Nephrons regenerate inside the retroperitoneal cavity are highly differentiated but do not integrate with the host kidney beyond the renal capsule. (A and B) Podocytes and slit diaphragms in glomeruli derived from transplanted cells. Erythrocytes indicated by yellow triangles on the endothelial side. (C) Brush border in the lumen of the proximal tubule. (D) There were abundant mitochondria in the cells (magenta triangles). (E) GFP-positive cells surrounded Six2-positive NPCs and Six2-negative cells (yellow triangle) in the cap mesenchyme. (F and G) Donor UB cells differentiated into UB tip and collecting duct but did not integrate with the host UB. Scale bars, 500 nm in (A) and (D); 100 nm in (B); 2 µm in (C); 20 µm in (E); 200 µm in (F); 100 µm in (G). CK8, Cytokeratin 8; DAPI, 4′,6-diamidino-2-phenylindole.

Figure 4.

Generated glomeruli displayed podocytes and filtration function. (A–C) Fluorescence-labeled dextrans in blood were filtered to the Bowman’s space side in the glomerulus (displayed filtered dextran with yellow triangles) derived from RPCs implanted in the wild-type mice. (D) Podocytes formed a filtration slit (yellow arrow). (E) Dextran was seen in the uriniferous tubule cavity. Scale bars, 20 µm in (A); 2 µm in (B) and (D); 1 µm in (C); 5 µm in (E). DAPI, 4′,6-diamidino-2-phenylindole.

Transplanted RPCs are Chimeric in Cap Mesenchyme

When transplanted into wild-type mice (those with normal embryonic kidney development; Figure 5A), the transplanted GFP-expressing RPCs connected to the host kidney (Figure 5, B and C). RPCs transplanted into the host kidney nephrogenic zone were found to be exogenous cells that invaded the host cap mesenchyme (Figure 5D). These integrated cells (GFP positive) were NPCs as verified by the expression of Six2 (Figure 5, D–F). However, most host UB cells did not show the integration of the donor UB cells (Supplemental Figure 3). These data indicate the NPCs included in transplant RPCs integrated into the developing host nephrons and formed a chimeric kidney.

Figure 5.

Transplantation of RPC under the renal capsule enables integration with the host kidney but is a chimeric structure. (A) Fetus at E19.5 with RPCs expressing GFP (day 6 postinjection). (B) GFP-expressing progenitor cells integrated into the host kidney. (C and D) Integration of exogenous NPCs into host cap mesenchyme. Higher magnification of (D) left panel (blue frame panel) showing transplanted NPCs in the host renal vesicle (RV), and (red frame panel) chimerism of NPCs in cap mesenchyme (CM) visualized by GFP. (E) Mosaicism in the RV. (F) Chimeric glomeruli-like mosaics contributed by the host and donor NPCs. The yellow dotted line indicates the glomerulus. Scale bars, 2 mm in (A); 1 mm in left panel of (B); 250 µm in right panel of (B); 200 µm in (C); 20 µm in left panel and yellow-framed panel of (D) and in (E); 10 µm in blue- and red-framed panel of (D); 50 µm in (F). CK8, Cytokeratin 8; DAPI, 4′,6-diamidino-2-phenylindole.
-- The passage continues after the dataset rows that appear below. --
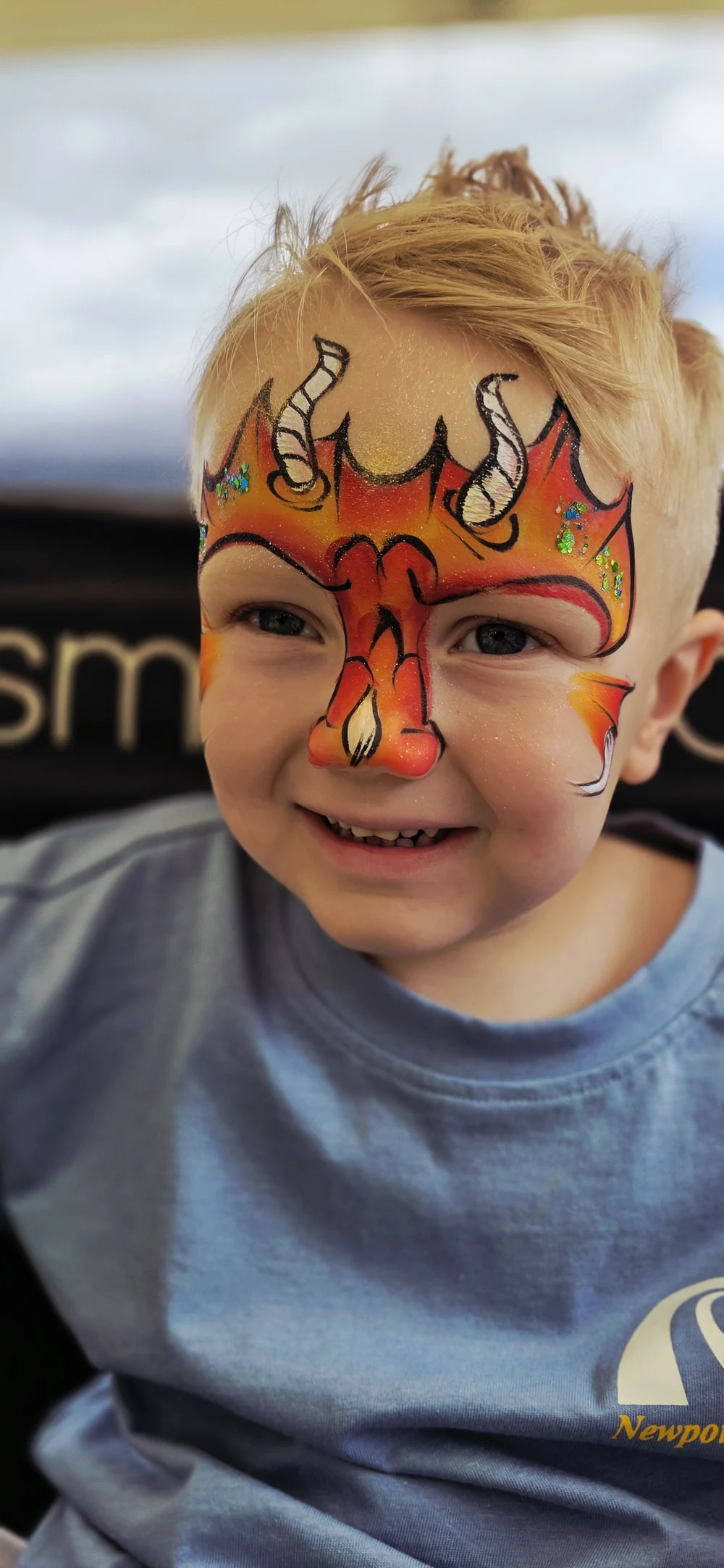 Orange and yellow dragon-style face painting with dark outlines.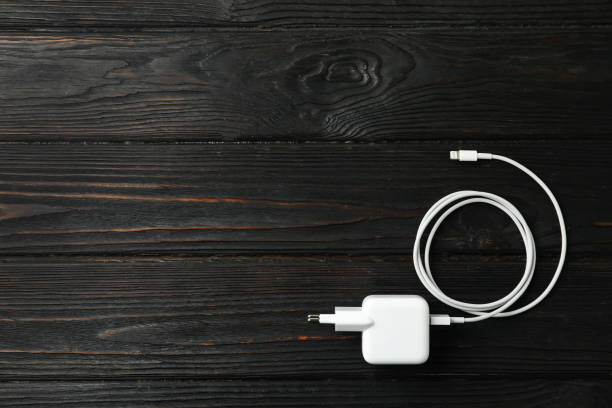 istock White charging cable and adapter on black wooden table, top view. Space for text 1347213261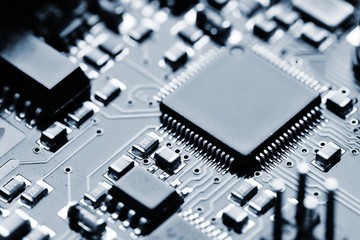 Close-up of electronic circuit board with components. Motherboard in to a PC
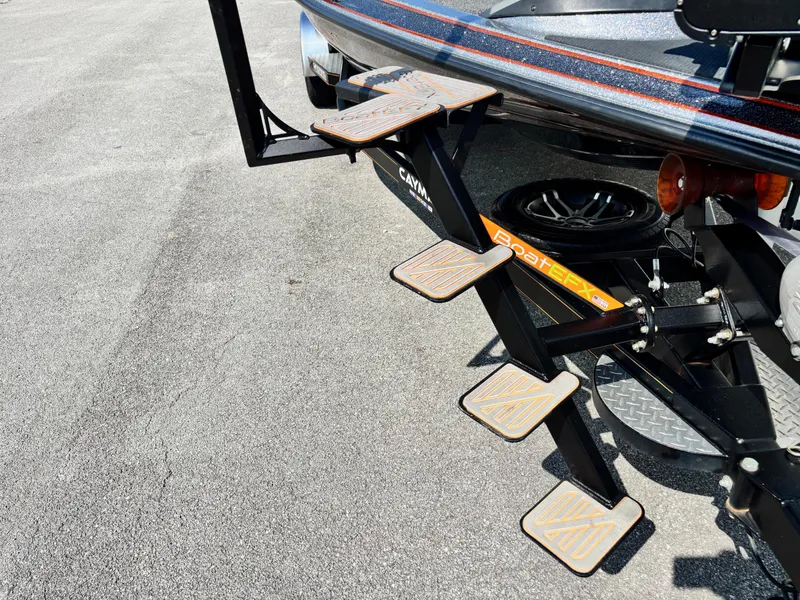 Slide: The Image of 2020 Caymas CX21 boat with retractable boarding ladder on trailer. - 2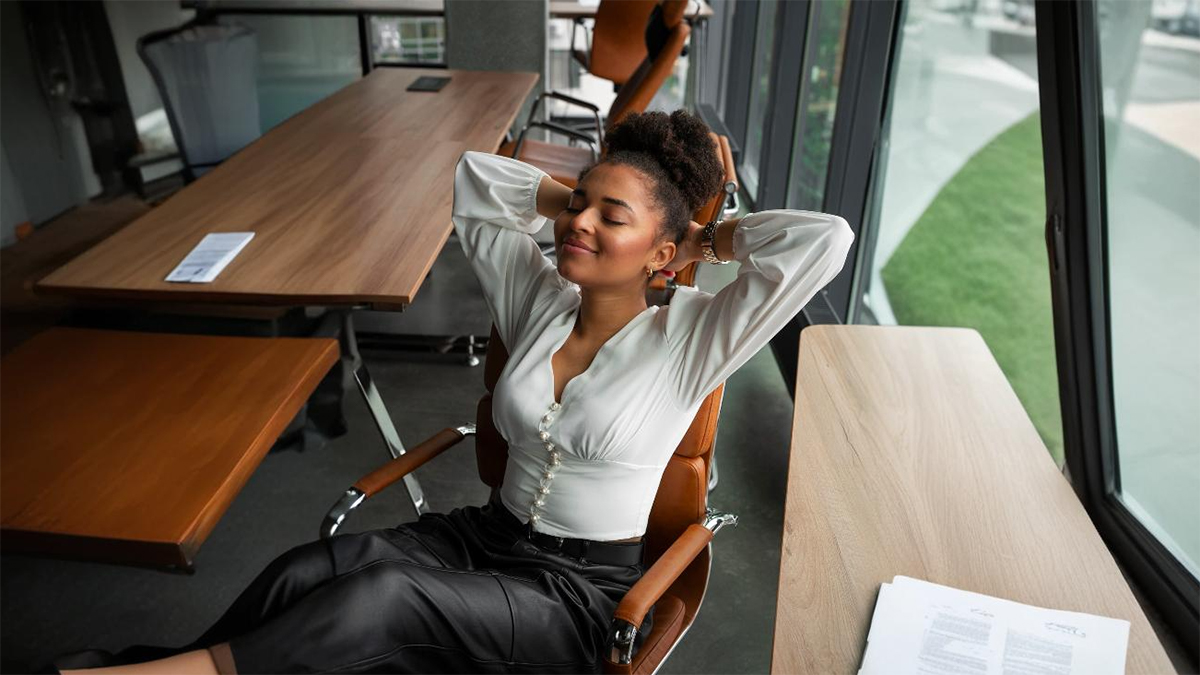 Woman in an office chair with her hands behind her head and eyes closed embodies the peace of mind offered by luxury Airbnb co-hosting and short-term rental management by a Hampton Roads property manager for vacation home owners.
Kidney Regeneration by Transplantation of RPCs into Kidney-Deficient Fetuses

We tested whether transplanted RPCs could regenerate a kidney in Six2Cre/iDTR fetuses with atrophic kidneys produced by ablation with DT. Genotyping data demonstrated the fetus was carrying a progenitor cell replacement system (Figure 6A). When GFP-NPCs were transplanted unilaterally into the renal development area of the kidney-deficient embryos (Figure 6B) and allowed to develop for 6 days (Figure 6C), the transplanted cells had developed throughout the kidney of the transplanted side (Figure 6, D and E). The nontransplanted side was clearly atrophic when compared with the wild-type control kidney (Figure 6F).

Figure 6.

Transplanted RPC form kidney in the renal-deficient fetus. (A) Genotyping of the fetus (Six2-GFPCre⁺; iDTR⁺). (B) GFP-expressing RPCs transplanted into the renal development area of the kidney-deficient embryo (Six2-GFPCre⁺; iDTR⁺) at E13.5. (C) Fetuses 6 days after transplantation. (D and E) Fetal kidney 6 days after transplantation. Note the unilateral GFP expression (right side). (F) Kidney of wild-type B6 mouse at E19.5. a, adrenal gland; k, fetal kidney; u, fetal ureter.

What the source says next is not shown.